Abstract

Previous research has demonstrated an asymmetry between Sources and Goals in people’s linguistic and non-linguistic encoding of motion events: when describing events such as a fairy going from a tree to a flower, people mention the Goal (“to a flower”) more often than the Source (“from a tree”); similarly, people are better at detecting Goal than Source changes in memory tests. However, all prior work used a single task to probe memory of Sources and Goals and thus left the nature of the fragility of event components open. Here, we probed memory for Sources and Goals using either a Same-different or a Forced-choice task after participants passively viewed (Experiment 1), viewed and described (Experiment 2) or viewed and heard descriptions of (Experiment 3) the same set of motion events. We robustly replicated the linguistic Source-Goal asymmetry.
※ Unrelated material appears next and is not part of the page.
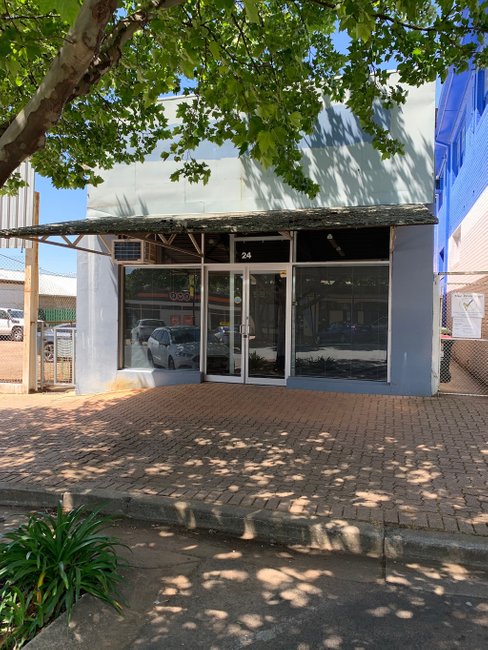 24 Russell Street, TUMUT NSW 2720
However, across encoding contexts, the memory asymmetry persisted in the Same-different task but disappeared in the Forced-choice task. The Same-different task results did not change even when participants were explicitly asked to attend to Sources (Experiment 4a) and when motion trajectory was removed at test (Experiment 4b), ruling out a purely test-expectation account for the cross-task effect. We conclude that Sources of motion, even when not mentioned in language nor successfully retrieved at memory test, are nevertheless represented as part of a motion event, and their detailed representation can be reinstated at aided retrieval contexts. Our data clarify the nature of event representation and suggest a fine-grained homology between language and event memory.